# Exercise:
Word for word, restate the lines from the top of the records below through the line with "1904 Bond Cir", both included, with no pictures in the result.

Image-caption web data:
►

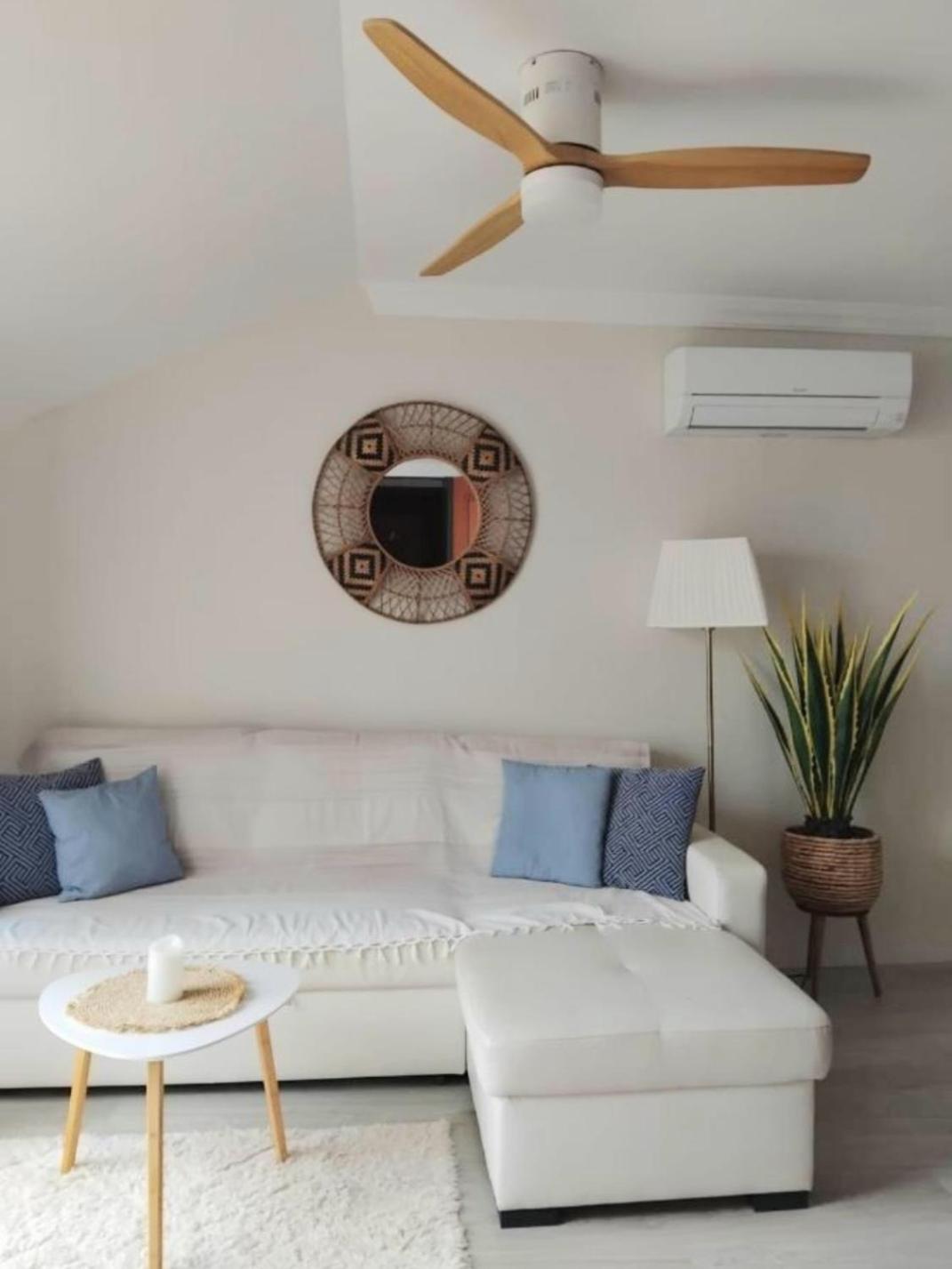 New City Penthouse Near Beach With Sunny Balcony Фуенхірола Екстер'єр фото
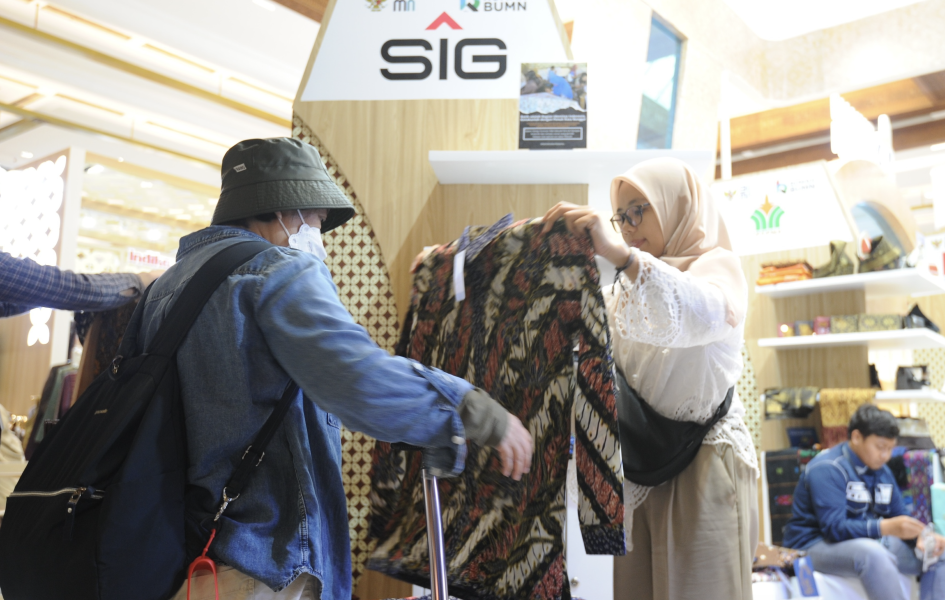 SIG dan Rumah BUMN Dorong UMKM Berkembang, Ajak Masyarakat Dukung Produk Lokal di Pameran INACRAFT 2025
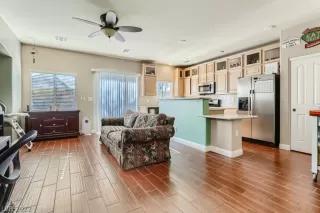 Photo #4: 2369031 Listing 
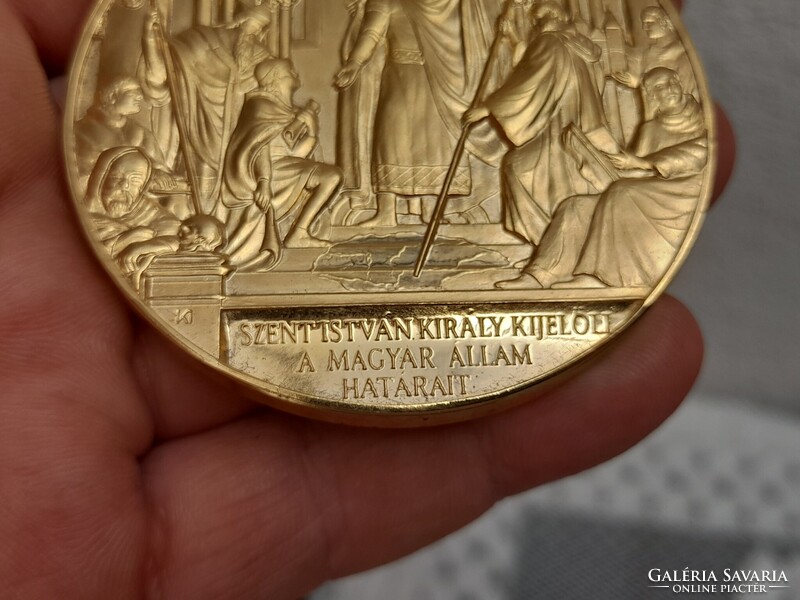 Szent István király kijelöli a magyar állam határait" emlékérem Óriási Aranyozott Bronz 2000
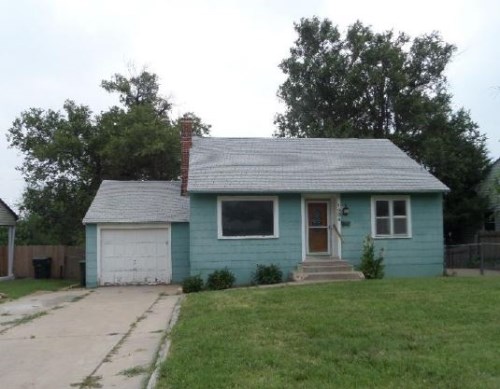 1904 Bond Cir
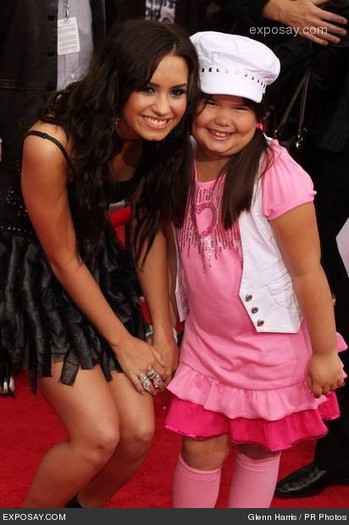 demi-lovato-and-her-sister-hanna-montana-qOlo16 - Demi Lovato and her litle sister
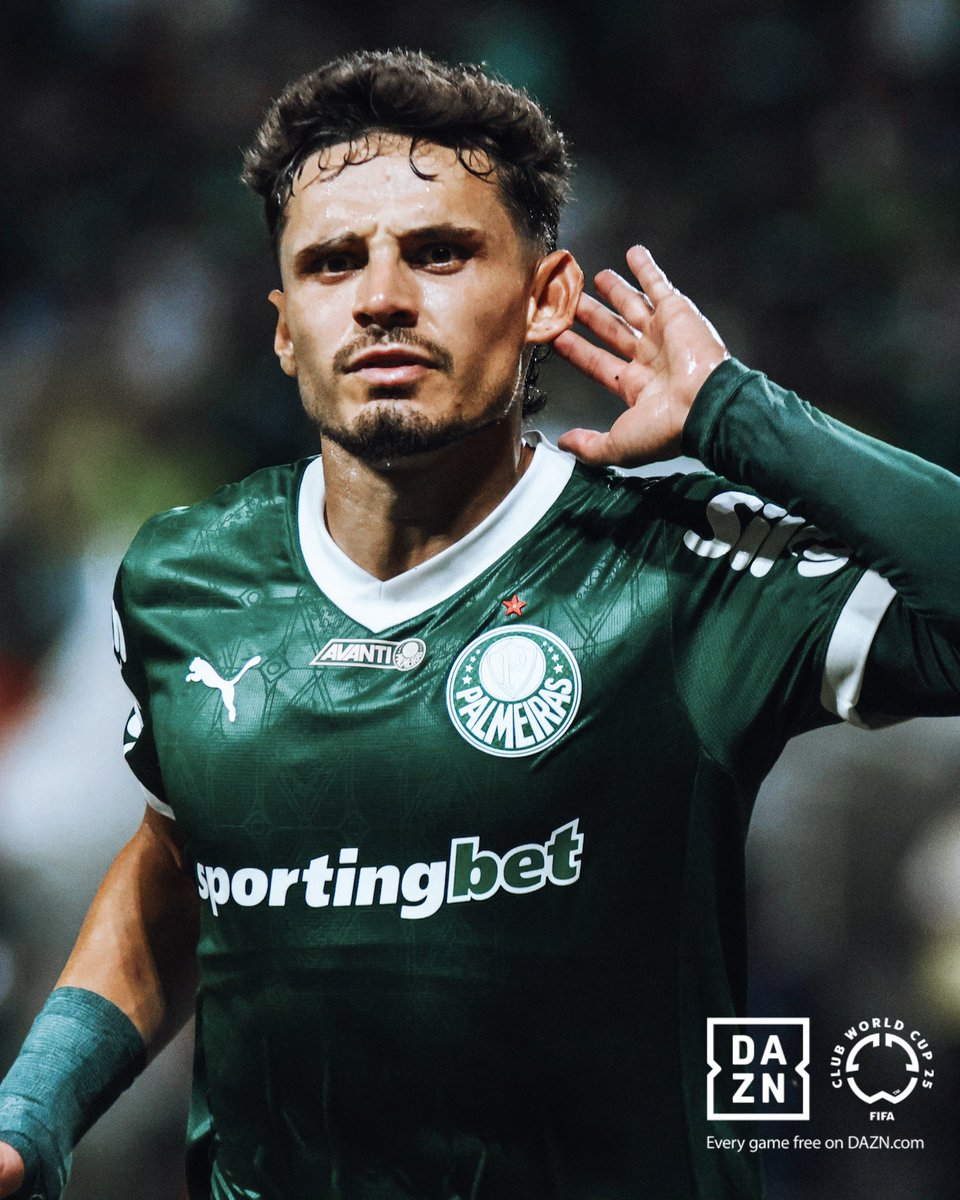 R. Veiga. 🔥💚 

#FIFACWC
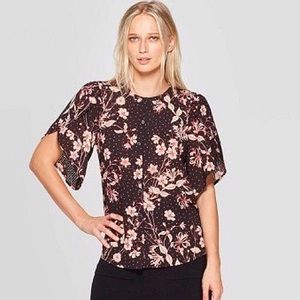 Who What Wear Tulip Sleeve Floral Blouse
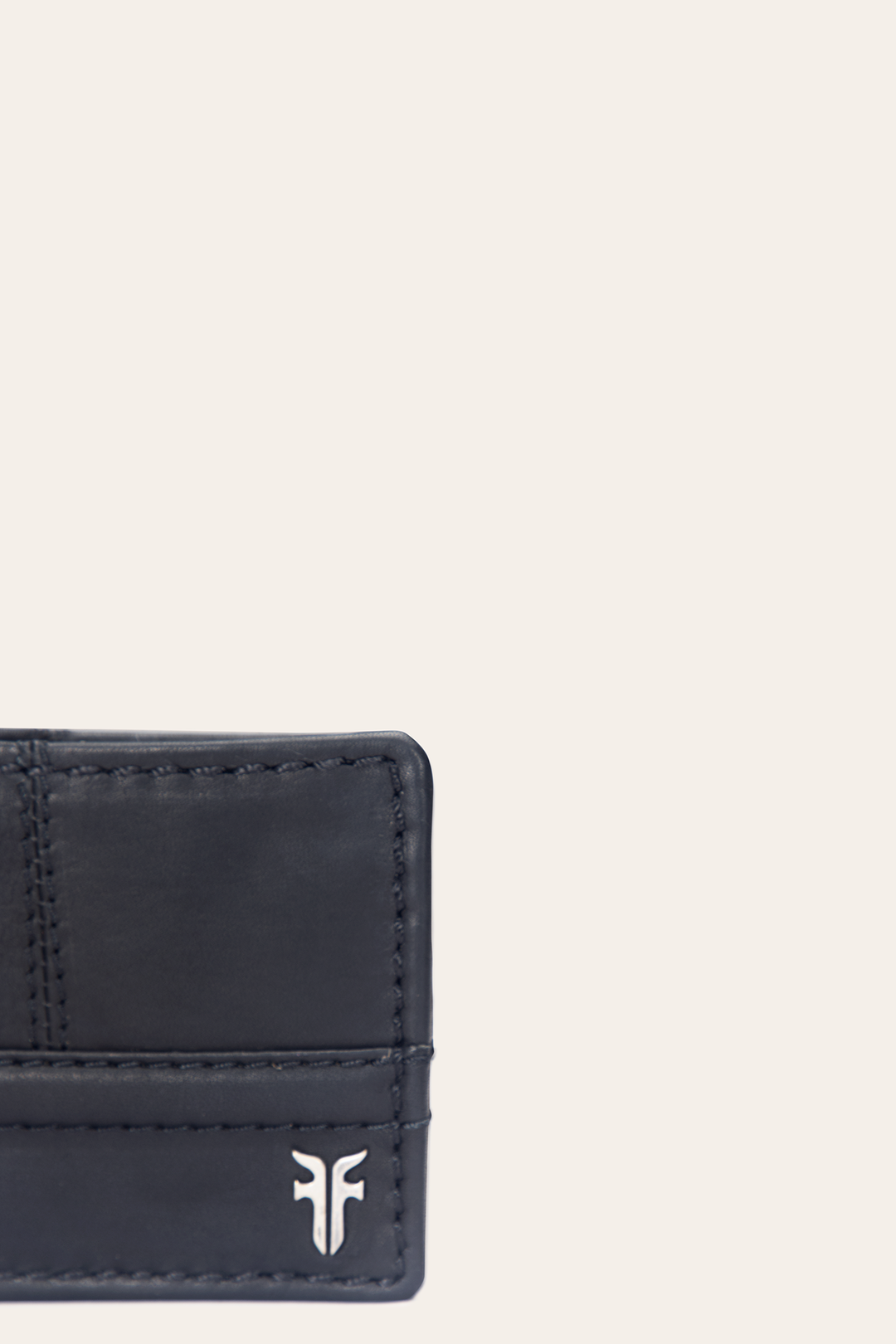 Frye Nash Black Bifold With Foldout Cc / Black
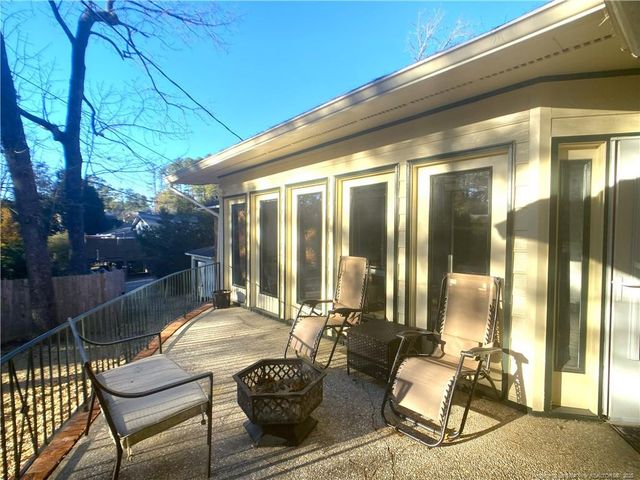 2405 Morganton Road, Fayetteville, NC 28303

◄

# Answer section:
 New City Penthouse Near Beach With Sunny Balcony Фуенхірола Екстер'єр фото
 SIG dan Rumah BUMN Dorong UMKM Berkembang, Ajak Masyarakat Dukung Produk Lokal di Pameran INACRAFT 2025
 Photo #4: 2369031 Listing 
 Szent István király kijelöli a magyar állam határait" emlékérem Óriási Aranyozott Bronz 2000
 1904 Bond Cir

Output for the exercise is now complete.